Eight candidate strategies tested on 252 daily observations of a documented synthetic equity-return matrix produce a probability of backtest overfitting (PBO) of 0.726 on 500 CSCV combinations. The in-sample best strategy — config_7, the highest annualised Sharpe at 1.22 — under-performs the out-of-sample median in roughly 73% of the tested splits. The Backtest Overfitting Score tool's verdict on this scenario is unambiguous: this is overfitting. And every one of the eight deflated Sharpes returns 0, so even the in-sample leader has no statistically significant edge after the multiple-testing correction. High PBO plus zero deflated Sharpe is the textbook discard signal. The full run, including all eight per-strategy statistics, is in the Verified engine output section below.

TL;DR

  • Scenario: 8 strategies × 252 daily observations × 500 CSCV combinations, seed 42.
  • Best in-sample strategy: config_7 (annualised Sharpe 1.22 — the highest in the table).
  • PBO = 0.726: the in-sample winner ranks below the OOS median in ~73% of tested combinations.
  • All 8 deflated Sharpes return 0 — the test detects no statistically significant edge after deflation.
  • The two results together: the in-sample winner does not generalise, and no candidate has provable edge. Classic overfit — discard.

The scenario

The Backtest Overfitting Score engine took the published contract sample matrix: 8 strategies × 252 daily observations of synthetic returns. The eight series have small, mixed means and similar standard deviations near 0.009. Their annualised Sharpes span a realistic range — several negative, the best a modest 1.22:

Strategy Annualised Sharpe (live engine output)
config_1 −0.27
config_2 −1.04
config_3 0.86
config_4 −1.97
config_5 0.31
config_6 1.00
config_7 1.22 (best in-sample)
config_8 1.16

None of these Sharpes is implausible — they are the spread you would expect from eight noisy candidate strategies over a single year of daily data. The engine returns deflated Sharpe = 0 for every one of them. (The exact per-strategy mean, stdev, skew, kurtosis, and Sharpe values are rendered live in the Verified engine output block below.)

What PBO = 0.726 means

The CSCV algorithm splits the 252-observation series into 16 contiguous blocks (s = 8, so 2s = 16 blocks of ~15 observations each), then enumerates ways to assign 8 blocks to in-sample and 8 to out-of-sample. There are $\binom{16}{8} = 12{,}870$ such splits; the engine sampled 500 of them with a seeded shuffle. In each split it finds the strategy with the highest in-sample mean, then checks where that strategy ranks out of sample. PBO is the fraction of splits where the in-sample winner lands below the out-of-sample median.

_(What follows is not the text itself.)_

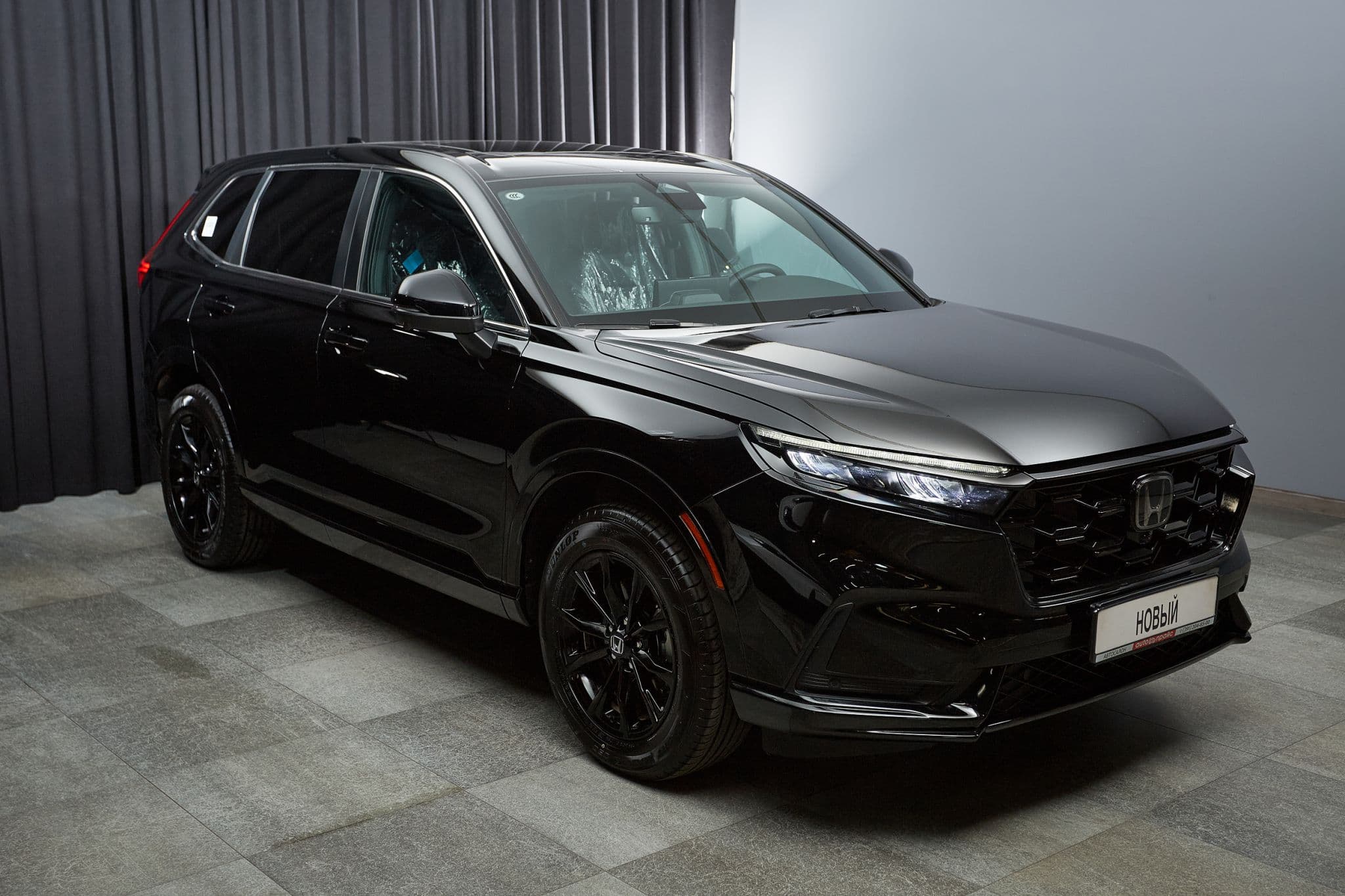 Honda CR-V - 3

Here PBO = 0.726. In nearly three-quarters of the splits, the strategy that looked best in-sample under-performed out of sample. For independent strategies with real edge, PBO < 0.2 is the threshold for "the in-sample winner generalises." This scenario sits far on the wrong side of that line: the in-sample ranking is not predictive of out-of-sample ranking.

Why this result is the honest, common case

A high PBO on a matrix of broadly similar candidate strategies is exactly what you should expect when none of the candidates has durable edge. With eight noisy series and only 252 observations, whichever strategy happens to lead in any given in-sample window is largely luck, and luck does not repeat out of sample. The engine is detecting that directly: rank the candidates in-sample, and the leader is a coin-flip-or-worse to lead again out of sample.

A real-world equivalent is eight parameter variants of the same momentum signal, each fit slightly differently. The one with the best in-sample Sharpe is the one that best fit the in-sample noise — and it pays for that fit out of sample. PBO = 0.726 is the number that catches this before the capital does.

What the deflated Sharpe says

The engine returns deflatedSharpe = 0 for every strategy. The Deflated Sharpe Ratio1 tests whether the in-sample Sharpe is statistically significant given:

  1. The number of trials (8 in this case).
  2. The skew and kurtosis of the return distribution.
  3. The sample size (252 observations).

A deflated Sharpe of 0 means the test cannot reject the null that the true Sharpe is zero, after adjusting for selection bias and non-normality. The best annualised Sharpe of 1.22 looks respectable on paper; the deflated value of 0 says it does not survive multiple-testing correction2, the same data-snooping problem White's reality check formalises3.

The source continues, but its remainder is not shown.